[Dataset content]

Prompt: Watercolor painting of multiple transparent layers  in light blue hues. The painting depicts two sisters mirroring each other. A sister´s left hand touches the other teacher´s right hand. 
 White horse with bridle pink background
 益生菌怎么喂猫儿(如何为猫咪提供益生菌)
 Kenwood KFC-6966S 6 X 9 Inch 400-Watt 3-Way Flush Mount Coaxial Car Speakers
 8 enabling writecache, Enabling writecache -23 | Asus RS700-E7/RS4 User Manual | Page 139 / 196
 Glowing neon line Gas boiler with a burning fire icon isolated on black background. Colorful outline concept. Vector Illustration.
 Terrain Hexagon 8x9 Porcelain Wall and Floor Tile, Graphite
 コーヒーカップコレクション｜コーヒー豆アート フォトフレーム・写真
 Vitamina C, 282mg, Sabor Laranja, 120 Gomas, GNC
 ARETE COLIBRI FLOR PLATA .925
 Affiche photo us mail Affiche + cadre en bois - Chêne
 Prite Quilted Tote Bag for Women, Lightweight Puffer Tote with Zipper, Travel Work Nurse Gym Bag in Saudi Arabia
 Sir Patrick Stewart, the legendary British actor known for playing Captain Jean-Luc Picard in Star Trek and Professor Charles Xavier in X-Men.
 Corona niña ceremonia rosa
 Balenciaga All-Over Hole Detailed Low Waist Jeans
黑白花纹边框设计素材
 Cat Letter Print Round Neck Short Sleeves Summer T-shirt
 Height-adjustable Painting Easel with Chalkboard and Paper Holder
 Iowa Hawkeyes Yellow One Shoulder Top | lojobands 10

[/Dataset content]

* Work task
Beginning with the line that contains "Balenciaga All-Over Hole", return every line through the end of the data above, exactly as written.

* Solution to the problem
 Balenciaga All-Over Hole Detailed Low Waist Jeans
黑白花纹边框设计素材
 Cat Letter Print Round Neck Short Sleeves Summer T-shirt
 Height-adjustable Painting Easel with Chalkboard and Paper Holder
 Iowa Hawkeyes Yellow One Shoulder Top | lojobands 10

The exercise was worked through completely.